:: EXTRACTED RECORDS ::

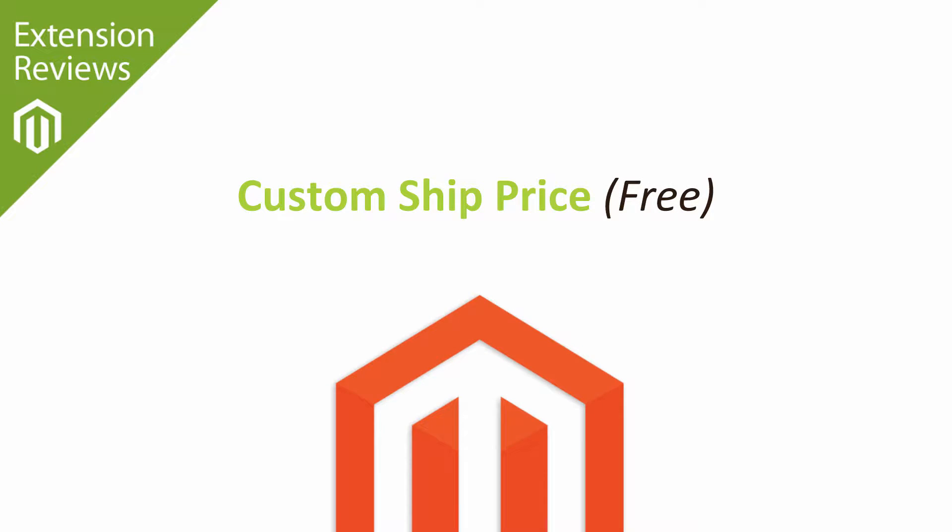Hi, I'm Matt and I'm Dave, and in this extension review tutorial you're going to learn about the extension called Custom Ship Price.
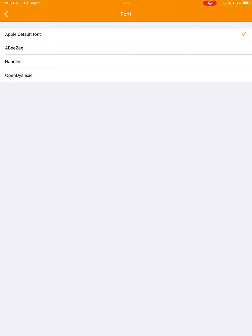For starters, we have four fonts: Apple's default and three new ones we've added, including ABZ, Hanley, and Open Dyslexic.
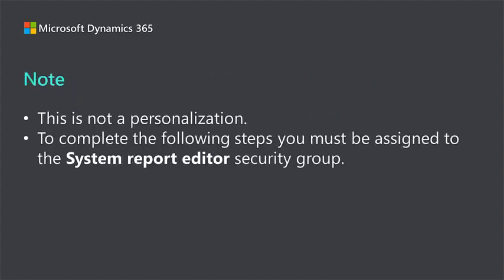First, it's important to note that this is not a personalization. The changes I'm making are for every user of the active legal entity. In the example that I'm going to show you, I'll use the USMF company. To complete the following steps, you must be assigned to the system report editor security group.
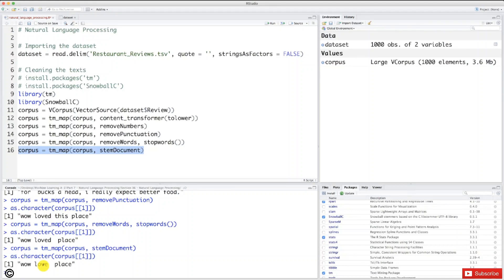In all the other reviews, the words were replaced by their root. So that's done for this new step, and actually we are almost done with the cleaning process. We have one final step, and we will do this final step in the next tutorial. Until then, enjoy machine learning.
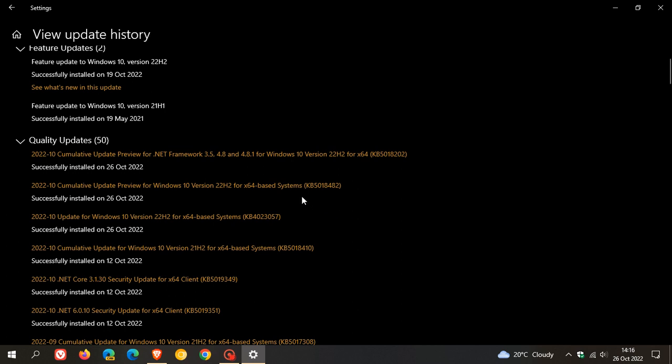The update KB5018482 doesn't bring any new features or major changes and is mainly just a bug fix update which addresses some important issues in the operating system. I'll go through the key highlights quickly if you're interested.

:::

** EXERCISE DIRECTIONS **
Would you repeat each line of the listing exactly, skipping any picture?

** RESPONSE TO THE TASK **
Hi, I'm Matt and I'm Dave, and in this extension review tutorial you're going to learn about the extension called Custom Ship Price.
For starters, we have four fonts: Apple's default and three new ones we've added, including ABZ, Hanley, and Open Dyslexic.
First, it's important to note that this is not a personalization. The changes I'm making are for every user of the active legal entity. In the example that I'm going to show you, I'll use the USMF company. To complete the following steps, you must be assigned to the system report editor security group.
In all the other reviews, the words were replaced by their root. So that's done for this new step, and actually we are almost done with the cleaning process. We have one final step, and we will do this final step in the next tutorial. Until then, enjoy machine learning.
The update KB5018482 doesn't bring any new features or major changes and is mainly just a bug fix update which addresses some important issues in the operating system. I'll go through the key highlights quickly if you're interested.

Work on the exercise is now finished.